Tal vez, uno de los casos más emblemáticos de la reacción furiosa de algunos Estados contra redes y medios que difunden información a través de las nuevas tecnologías de la comunicación ha sido el de Julián Assange y Edward Snowden, símbolo de la forma como la tecnología ha supuesto un reto para el control informativo que otrora tenían las naciones. El portal Wikileaks nació en 2006 con el objetivo de dar a conocer violaciones a los derechos humanos comprobables soportados en más de 10 millones de documentos. Sus problemas empezaron cuando filtró información sobre la guerra en Irak y Afganistán liderada por Washington.

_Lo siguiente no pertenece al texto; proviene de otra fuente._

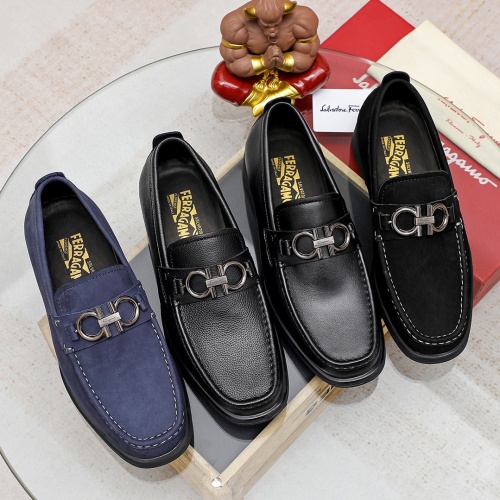 Cheap Salvatore Ferragamo Leather Shoes For Men #1156755 Replica Wholesale [$85.00 USD] [ITEM#1156755] on Replica Salvatore Ferragamo Leather Shoes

El portal reveló casos tan escandalosos como las torturas a las que se sometían a prisioneros de guerra en Abu Ghraib y Guantánamo, territorios donde no parecían existir ni los derechos humanos ni el derecho internacional humanitario. La exposición de cables de los servicios de inteligencia y diplomáticos dejó en evidencia cómo varios Estados conocían dichas violaciones graves y dejaron pasar por alto la situación.  Algo similar sucedió con Edward Snowden contratista de la Agencia Central de Inteligencia (CIA por sus siglas en inglés) y quien asombrado por los excesos en los que incurría Estados Unidos para vigilar a cualquier persona en el mundo, decidió salir del país y ha sido condenado de por vida al asilo en Rusia. El primer caso es más dramático, pues Assange debería ser juzgado en una corte de los Estados Unidos por 18 cargos entre los que se encuentra la conspiración y la difusión de información clasificada.  Ante su inminente arresto buscó refugio en la embajada de Ecuador en el Reino Unido en 2012. En ese entonces, Rafael Correa se encontraba en cabeza del país andino y en una campaña de defensa de la libertad de prensa y de un nuevo orden informativo decidió conceder el asilo. Pocos imaginaron que aquello se prologaría hasta 2019, cuando el nuevo presidente ecuatoriano, Lenín Moreno, decidió entregarlo a las autoridades británicas. En 2022, la justicia de ese país decidió dar vía libre para su extradición a los Estados Unidos donde se enfrenta a una pena de 175 años de prisión, una absoluta desproporción que no ha despertado la solidaridad de un solo gobierno europeo, e contraste con lo ocurrido con otros casos de disidentes políticos o periodistas turcos, rusos o bielorrusos.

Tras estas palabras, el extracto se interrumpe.